J.H., in response to our show cause order, raises several questions undoubtedly occasioned by the reference in our order to State v. Malone. Malone considered whether a defendant’s payment of a fine before he applied for supervisory review of his conviction for a misdemeanor offense mooted his request for judicial review of the conviction. 08-2253 at pp. 1-2, 25 So.3d at 115. The Supreme Court held on the facts presented that the voluntary payment of the fine and costs before appeal rendered judicial review moot. Id., 08-2253 at p. 16, 25 So.3d at 124-125. Our reference to Malone was not intended, however, to suggest that J.H. voluntarily acquiesced in the trial court’s decision before filing his motion for appeal. To the contrary, the record is clear that he intended to obtain judicial review by tendering his admission to the petition under Crosby.

J.H. also expresses concern about whether dismissal of his appeal as moot is a subterfuge whereby a suspended sen-fence might be employed to insulate | ^convictions against constitutional challenges.6 J.H. himself, however, is no longer at risk of a reoccurrence of the sort of encounter with the police which gave rise to his appeal. The police encounter here was on account of the officer’s reasonable belief that J.H. was absent from school during normal school hours. See La. Ch.C. art. 733.1 A. Only children ranging in ages seven through sixteen are subject to such an encounter. Ibid, (emphasis added). J.H. is now the age of seventeen. Because he cannot be subjected to a reoc-currence of the police conduct, cf. Louisiana Associated Gen. Contractors, Inc. v. State through Div. of Admin., Office of State Purchasing, 95-2105, p. 9 (La.3/8/96), 669 So.2d 1185, 1193, our expressing a view whether or not the eom-plained-of police conduct violated his Fourth Amendment rights would under these circumstances only be advisory. And we shun rendering advisory opinions. See Cat’s Meow, Inc., 98-0601 at p. 8, 720 So.2d at 1193.

DECREE

The appeal of J.H. is dismissed as moot.

APPEAL DISMISSED.

JENKINS, J., Dissents with Reasons.

. " 'Misdemeanor-grade delinquent act’ means any offense which if committed by an adult is other than a felony and includes the violation of an ordinance providing a penal sanction." La. Ch.C. art. 804(8). First-offense possession of marijuana is punishable by a fine of not more than $500, imprisonment in the parish jail for not more than six months, or both. See La. R.S. 40:966 E(l). Because the offender may not be sentenced to death or imprisonment at hard labor, the offense is a misdemeanor. See La. R.S. 14:2(4),(6).

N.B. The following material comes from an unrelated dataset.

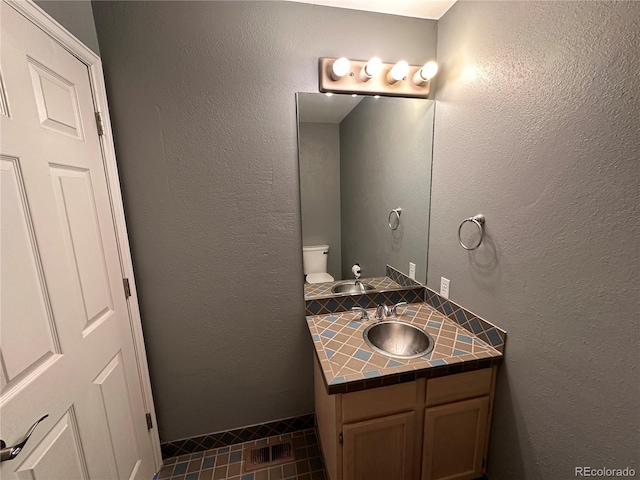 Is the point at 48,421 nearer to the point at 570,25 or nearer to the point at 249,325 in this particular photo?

. 338 So.2d 584 (La. 1976).

. Specifically, J.H. complains that he was subjected to a search of his person at the time the police officer was preparing to lawfully transport him to a truancy center. He correctly notes that being absent from school without justification is not a crime. He claims that his Fourth Amendment right to be secure in his person was violated because the officer had no probable cause to believe he had committed a crime at the time of the search. Cf. State in the Interest of R.D., 99-801 (La.App. 5 Cir. 11/30/99), 749 So.2d 802. See also D.O. v. State, 77 So.3d 787 (Fla. 3rd Dist.Ct.App.2011).

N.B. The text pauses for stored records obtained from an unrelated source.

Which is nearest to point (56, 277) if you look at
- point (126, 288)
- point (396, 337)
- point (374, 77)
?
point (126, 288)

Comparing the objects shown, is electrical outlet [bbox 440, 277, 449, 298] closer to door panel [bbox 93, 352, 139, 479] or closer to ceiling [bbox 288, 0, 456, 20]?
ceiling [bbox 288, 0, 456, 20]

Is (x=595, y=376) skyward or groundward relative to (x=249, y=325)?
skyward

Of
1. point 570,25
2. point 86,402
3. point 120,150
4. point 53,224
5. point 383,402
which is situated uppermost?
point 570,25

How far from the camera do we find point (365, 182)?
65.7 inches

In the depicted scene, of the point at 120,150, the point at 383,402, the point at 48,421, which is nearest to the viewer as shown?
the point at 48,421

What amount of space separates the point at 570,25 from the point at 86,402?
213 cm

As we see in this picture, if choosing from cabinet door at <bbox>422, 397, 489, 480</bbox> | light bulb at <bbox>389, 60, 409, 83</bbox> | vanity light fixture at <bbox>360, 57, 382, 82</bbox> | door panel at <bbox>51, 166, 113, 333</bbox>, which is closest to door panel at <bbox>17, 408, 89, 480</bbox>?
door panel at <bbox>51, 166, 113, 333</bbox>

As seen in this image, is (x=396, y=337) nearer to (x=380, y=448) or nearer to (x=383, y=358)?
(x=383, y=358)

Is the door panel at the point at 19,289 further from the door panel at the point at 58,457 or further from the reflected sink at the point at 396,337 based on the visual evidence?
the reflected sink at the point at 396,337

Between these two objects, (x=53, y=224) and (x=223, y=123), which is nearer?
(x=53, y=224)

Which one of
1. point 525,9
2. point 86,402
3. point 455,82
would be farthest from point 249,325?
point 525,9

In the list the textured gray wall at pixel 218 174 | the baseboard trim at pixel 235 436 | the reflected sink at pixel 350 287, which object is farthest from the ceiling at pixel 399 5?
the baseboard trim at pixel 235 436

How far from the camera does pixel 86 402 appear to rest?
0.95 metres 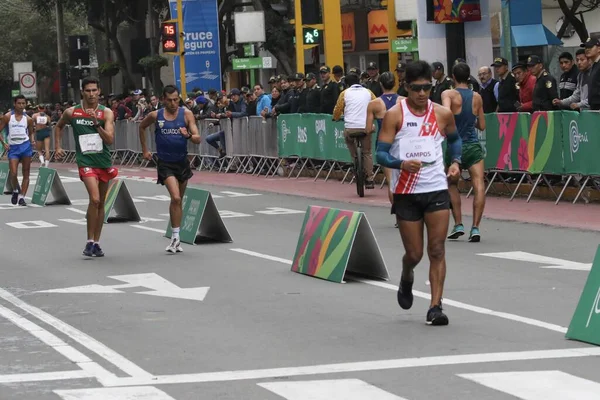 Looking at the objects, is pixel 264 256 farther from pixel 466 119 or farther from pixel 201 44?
pixel 201 44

. In delinquency proceedings, a petition is the functional equivalent of an indictment or bill of information. See La. Ch.C. art. 845 A; La.C.Cr.P. art. 464. “The petition shall conclude with a request that the court adjudicate the child to be delinquent.” La. Ch.C. art. 845 D. A child may admit to the allegations of the petition, and after determining that there is a factual basis for adjudication, the trial judge may adjudicate the child delinquent. See La. Ch.C. art. 856 A(3). Thus, an admission is comparable to a plea of guilty (but without the morally pejorative connotation). See La.C.Cr.P. arts. 552(1), 556, 556.1.

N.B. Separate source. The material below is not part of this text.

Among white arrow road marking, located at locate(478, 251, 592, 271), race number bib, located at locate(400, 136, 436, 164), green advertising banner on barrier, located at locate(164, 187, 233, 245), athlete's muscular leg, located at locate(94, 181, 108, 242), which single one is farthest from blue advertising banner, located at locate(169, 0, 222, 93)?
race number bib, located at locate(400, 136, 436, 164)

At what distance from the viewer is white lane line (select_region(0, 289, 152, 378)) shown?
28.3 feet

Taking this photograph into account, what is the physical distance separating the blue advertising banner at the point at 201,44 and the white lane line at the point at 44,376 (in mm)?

.In particular, J.H. argues that the juvenile-court judge both deferred the disposition and at the same time imposed the disposition. Cf., State in the Interest of Lucas, 543 So.2d 634, 635-636 (La.App. 1st Cir.1989).

. J.H. references Jacobs v. New York, 388 U.S. 431, 431-432, 87 S.Ct. 2098, 18 L.Ed.2d 1294 (1967) (Warren, C.J., dissenting). We express no opinion on whether a civil action under 42 U.S.C. § 1983 could be maintained on behalf of J.H.